Во исполнение его нового приказа назавтра с утра потянулись в огород Парфена Котлубовича голосковцы и жители местечка. Каждый нес охапку дров. Дуб обложили дровами на сажень от земли и вздули огонь. Часа за два дрова прогорели, дуб снизу обуглился, но стоял как ни в чем не бывало. После обеда Пфайфель глянул в бинокль и не увидел никаких перемен. Дрожа от непонятной ему самому тревоги, он побежал к коменданту. Тот, как мог, успокоил его, но ненадолго. Едва надвинулись сумерки, Пфайфелю начало мерещиться, будто дуб из Голосков приблизился к самому местечку и стоит уже чуть ли не во дворе его дома. Пфайфель долго не мог уснуть в ту ночь, а утром, измотанный и злой, пошел к коменданту и выговорил ему, что, мол, владелец дуба исчез и никто его не ищет, а дуб как стоял, так и стоит. Потом он даже намекнул о каких-то своих особых полномочиях. Комендант ничего не ответил, лишь ткнул пальцем куда-то за дом на дорогу, по которой тащился целый обоз с дровами. Пфайфель сообразил, что к чему, и с обоими солдатами-инвалидами пошел в Голоски посмотреть, что будет. На Парфеновой огороде они застали целое столпотворение. Гитлеровский солдат орал на людей, а они целые плахи укладывали под дубом. Пфайфель не выдержал и сам вызвался поджигать. Зажег сунутую меж дров паклю и направился назад в местечко. В начале улицы обернулся: дым и пламя, хорошо видные даже на таком расстоянии, обрадовали его. Он взял у коменданта еще одного солдата и снова направился в Голоски.
Дуб стоял в огненных объятиях среди полыхавших под ним дров. Горели целые бревна. Люди уже разошлись. Лишь одна женщина в коротком стеганом ватнике стояла, навалившись локтями и грудью на плетень. Она была высока ростом и как-то странно посмотрела на него.
— Что смотришь? — спросил он по-русски.
Она не ответила и направилась в хату через улицу от огорода. Его задела эта отчужденность, и он пошел обратно: вдоволь находился за день и чувствовал, что продолжение разговора с женщиной сулит ему новые заботы.
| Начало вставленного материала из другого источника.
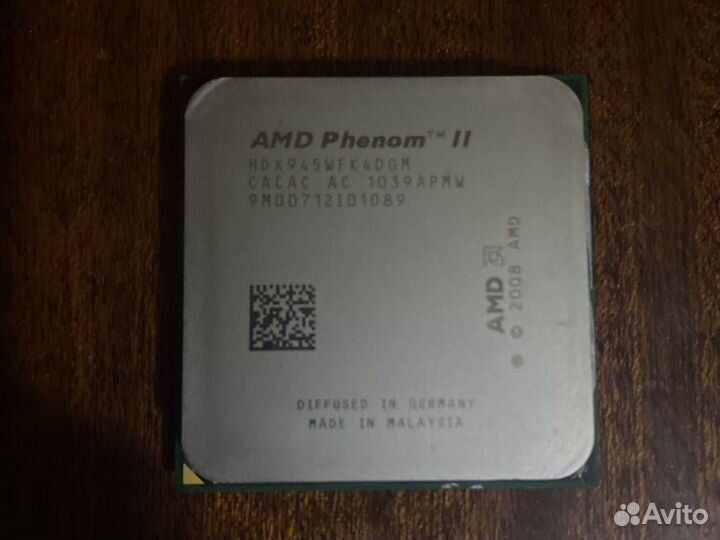 Процессор AMD Phenom II X4 945 Socket AM3 OEM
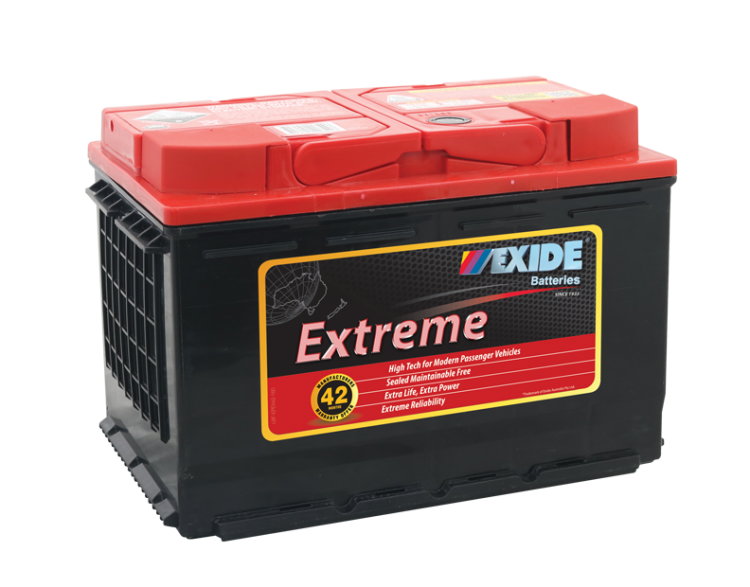 Exide EXTREME XDIN66HMF Battery 750CCA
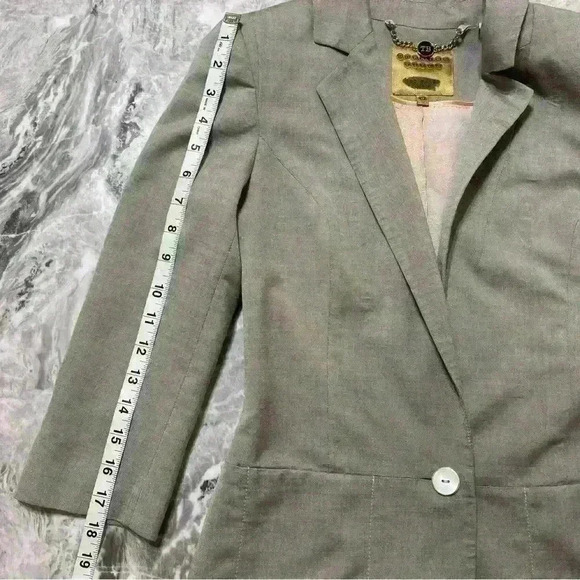 Ted Baker London Working Title Tailored Jacket Blazer Light Gray size 0 Wool - Picture 11 of 16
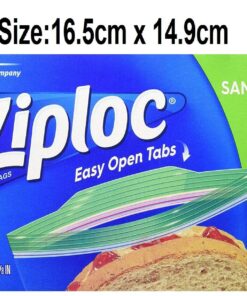 Ziploc 145ct Zip Lock Bag, 1 Pack, Clear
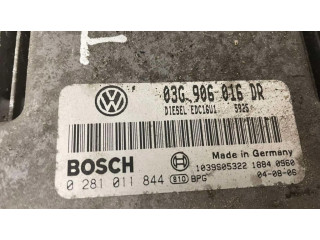 Блок управления двигателя 03G906016DR, 0281011844 Volkswagen Touran I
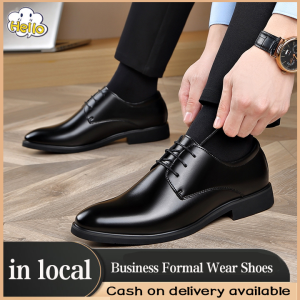 Casual Leather shoes for men Korean British style business Formal office shoes mens wedding shoes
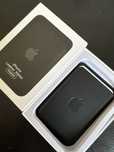 Apple leather wallet magsafe czarny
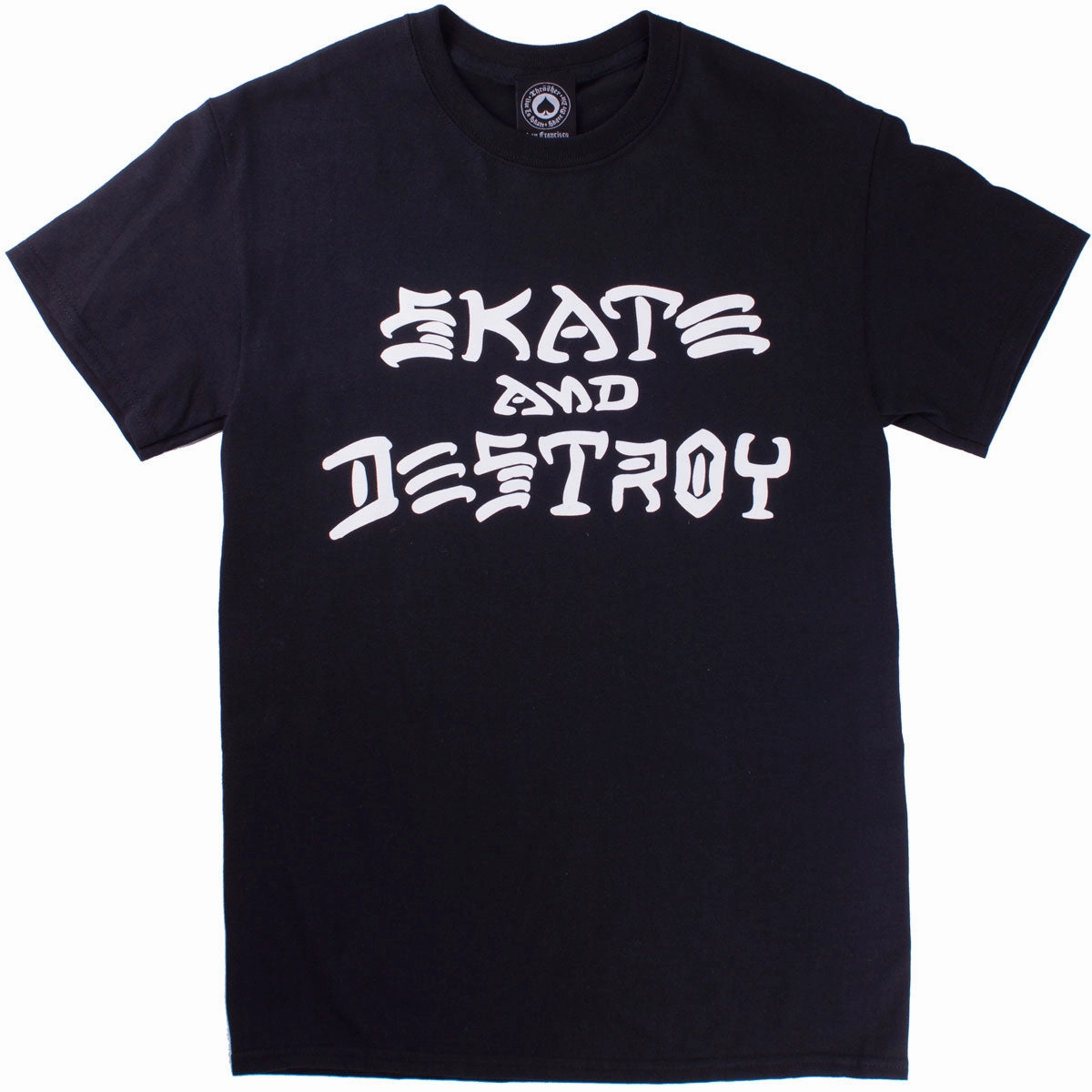 hypoallergenic Thrasher Skate And Destroy T-Shirt - Black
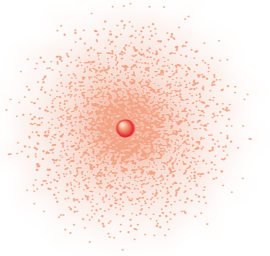 <p>Atomic model that includes a nucleus and a cloud of electron probability around it </p>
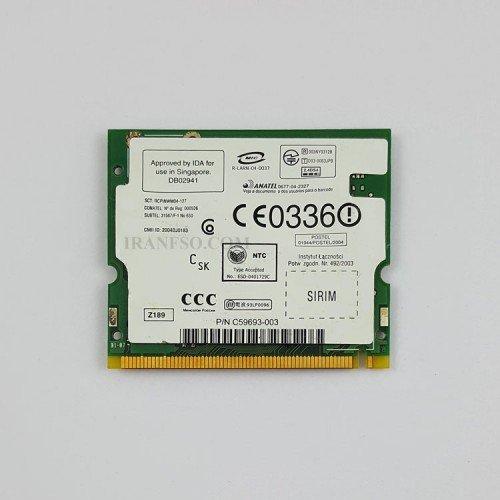 برد وای فای لپ تاپ WLAN Intel Mini PCI DWM3A2200BG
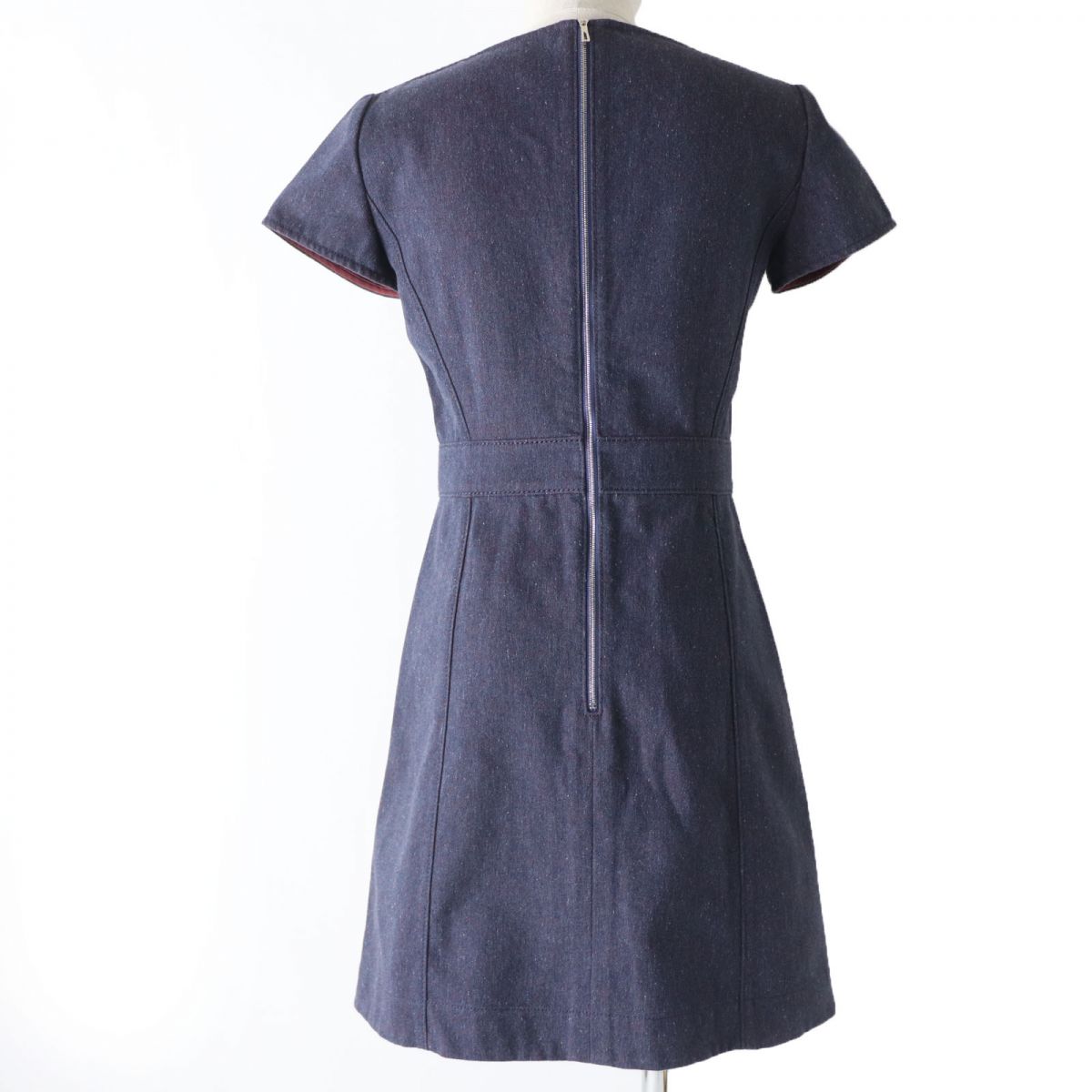 HERMES one piece Main: 100% cotton, Part: Leather, Lining: 100% cotton Purple type Women 34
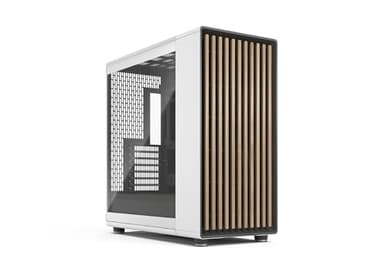 Fractal Design North XL RC Chalk White TG - Torre de PC Gaming ATX de Alto Flujo de Aire - Compatible con Conexiones Reversas - Incluye 3 Ventiladores Aspect 140mm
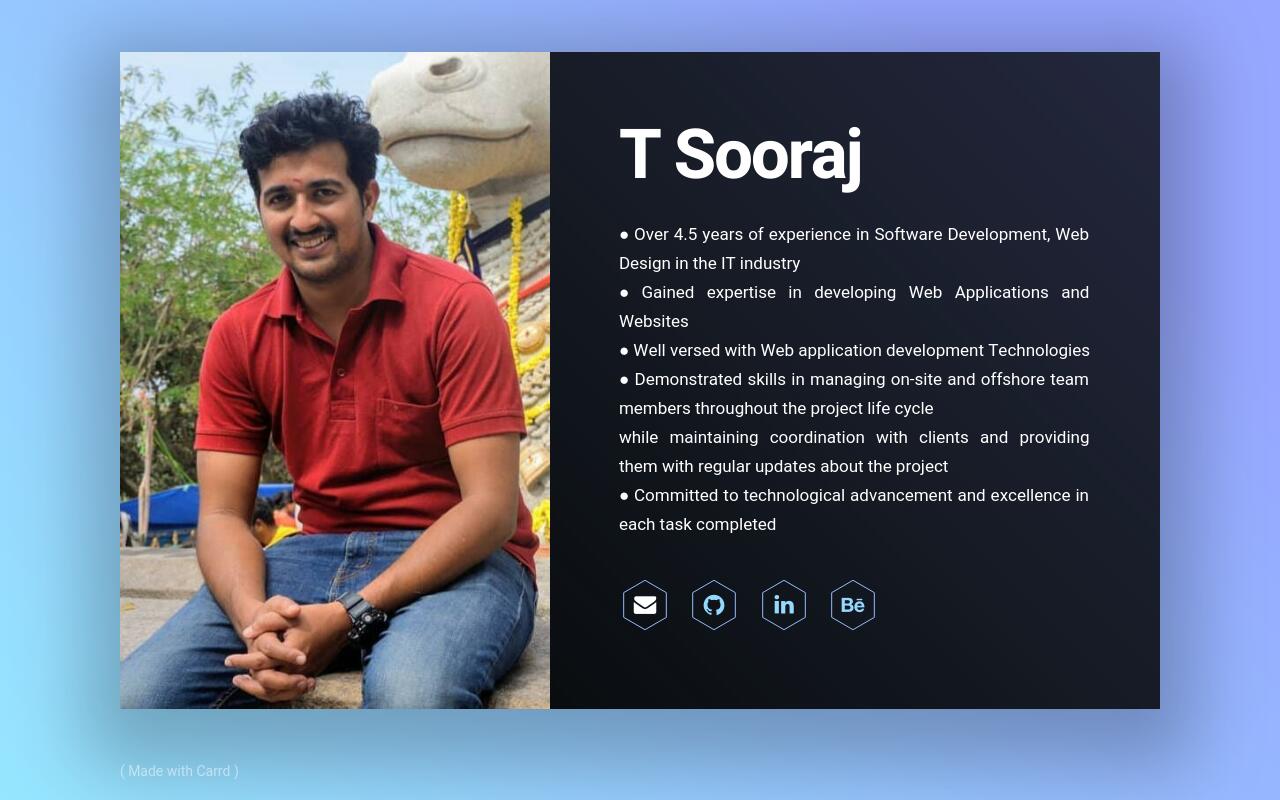 Carrd profile picture for @sooraj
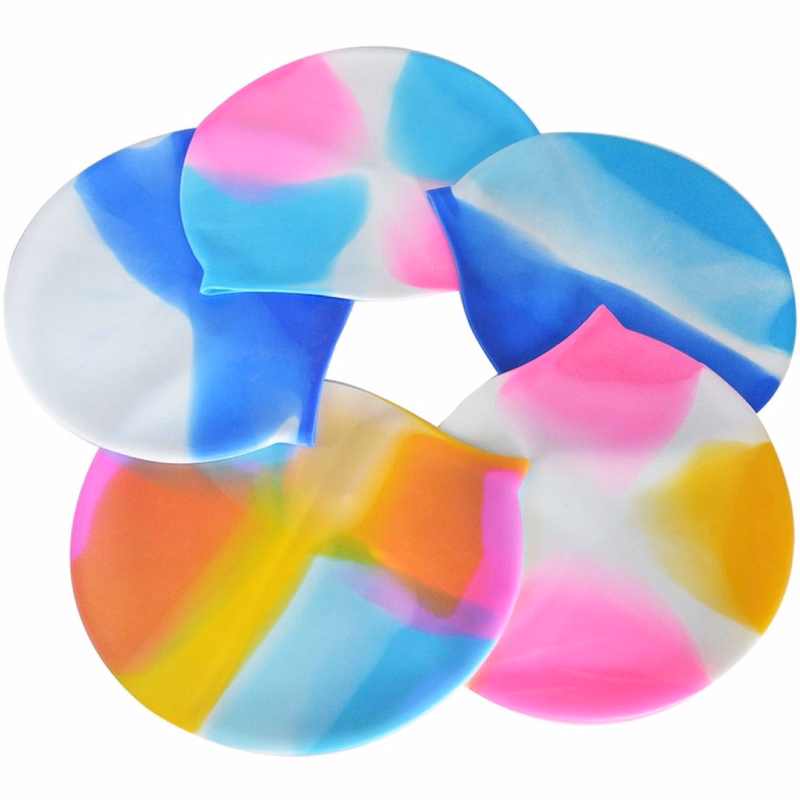 Colorful Silicone Swim Caps for Adult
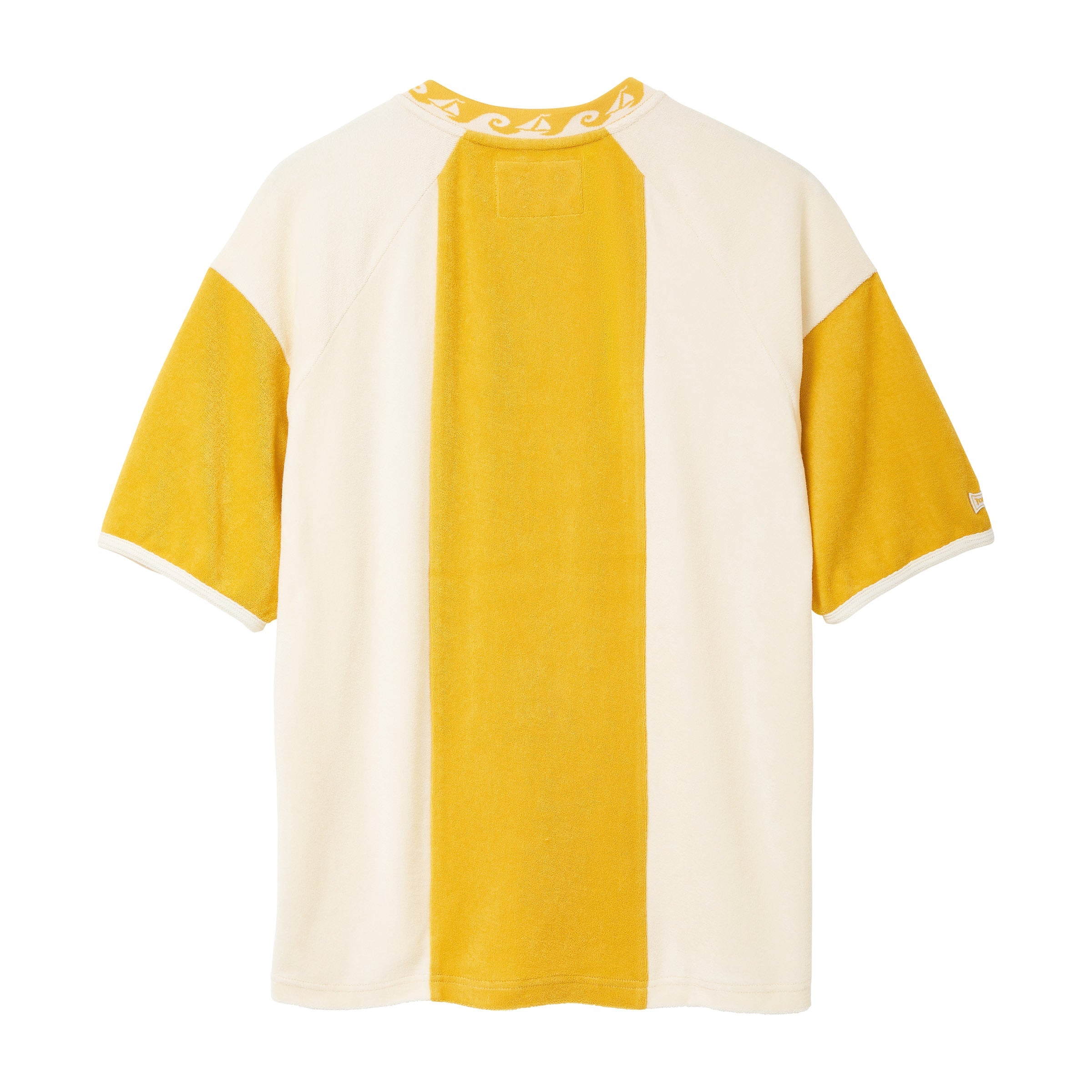 Yellow and white shirt 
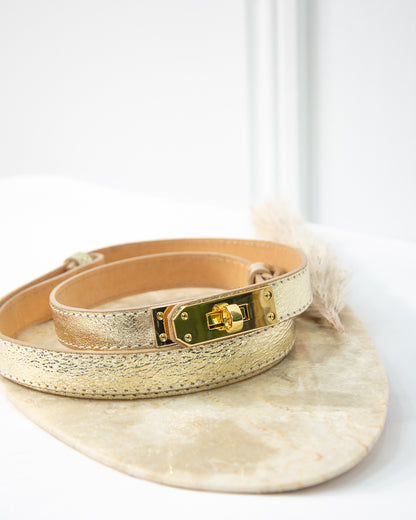 CINTURÓN MULTI TALLA DORADO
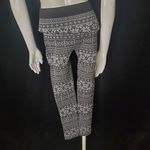 Wallflower Black & Gray Fleece Lined Leggings (XS/S) Black Photo 3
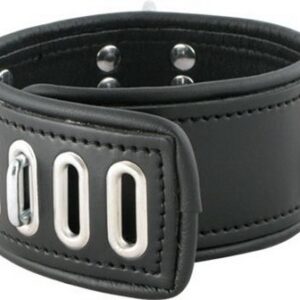 Abschließbare  Leder Halsfessel  L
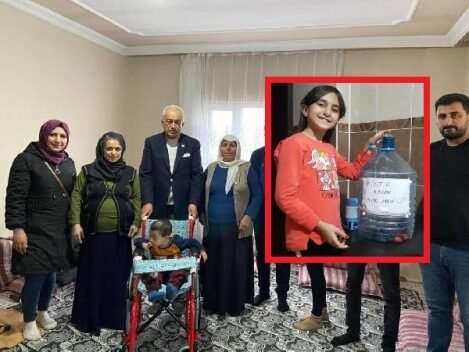 Batman’da 9 yaşındaki Nazlı Oduncu’nun topladığı 2 çuval dolusu mavi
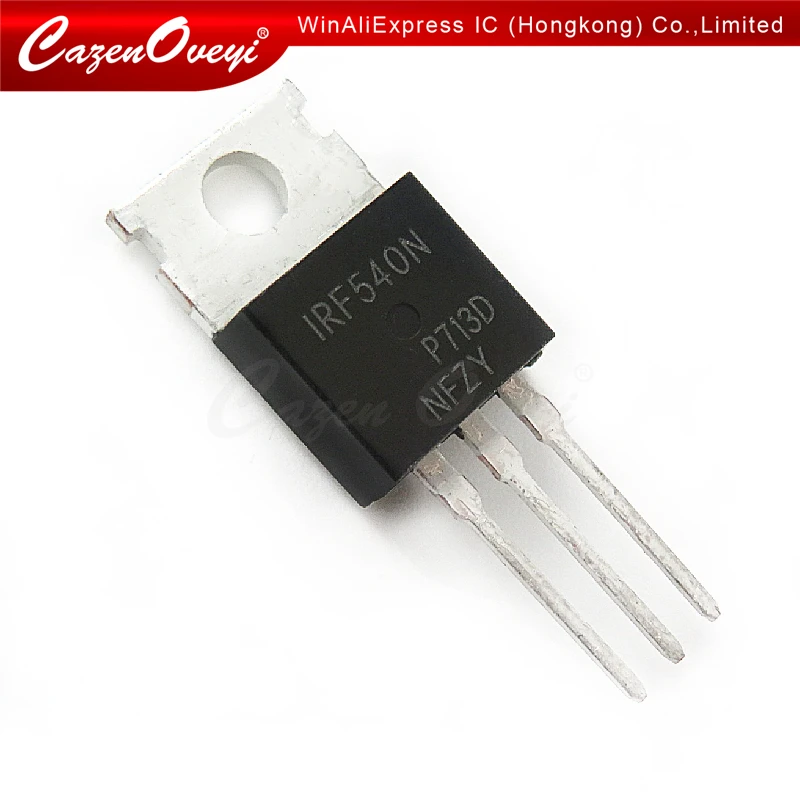 50 шт./лот IRF540NPBF IRF540N IRF540 TO-220 В наличии | Электронные компоненты и принадлежности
А между тем до обеда еще надо побриться и прикинуть кое-что на дальнейшее. К тому же, на обед сегодня жареный кролик, а кроличьего мяса он не пробовал уже дня три, и это нарушало планы его пребывания в здешних местах, разработанные загодя и предусматривавшие определенный рацион до конца войны. Так и получилось, что он с легким сердцем забыл о молчаливой женщине.
Но та не могла забыть о нем. Помнила весь день, помнила и ночью, что пришла на смену дню, шумная, с ветром и дождем, с неумолчным гулом в поле и треском кустов в приречных зарослях. Никогда прежде женщина так сильно не ощущала своего одиночества, как сейчас, — словно только сейчас дошло до ее сознания, что утрачено навек самое важное и дорогое — и ребенок, и муж, и старик-отец, и те годы, которые она еще собиралась прожить, и те, что прожиты: будто ничего в ее жизни не было и ничего уже не будет. На рассвете ей почудилось, будто отец прошел под окнами. Она вышла во двор, но там никого не было. День сулил быть мокрым. Повсюду стояла вода, и с крыш капало. Дуб высился на огороде над головнями, угольями и пеплом, сам весь опаленный и с далеко протянутой толстой нижней веткой. А крона его такая же, как и была, лишь понизу мелкие ветви тронуло огнем. И все же он уже не так надежно, как прежде, будет заслонять шоссе и гряду кустов от Пфайфелевых и солдатских глаз. Трудно дался Марыле тот день. Все, что уже, казалось, отступило под натиском времени, снова вставало перед нею, как из могилы. Но и этот день миновал, наступила ночь. Опять долгая, опять с дождем и ветром. Уже давно и раз, и два, и три пропел петух в погребе, а рассвет все медлил, цедился по капельке. В тоске и печали она вышла из хаты и бросила взгляд на местечко. Там, маленький, как муравей, маячил немецкий часовой.
— Свет ты мне застишь! — заплакала она, отворачиваясь.
И тут увидела: полицейский карабкается вверх по стволу дуба.
— Куда ты полез, хамло! — крикнула она.
— А мне приказано обсечь ветки на дубе: сколько его ни палили, все равно закрывает обзор. Вот ведь удался, и огонь его не берет!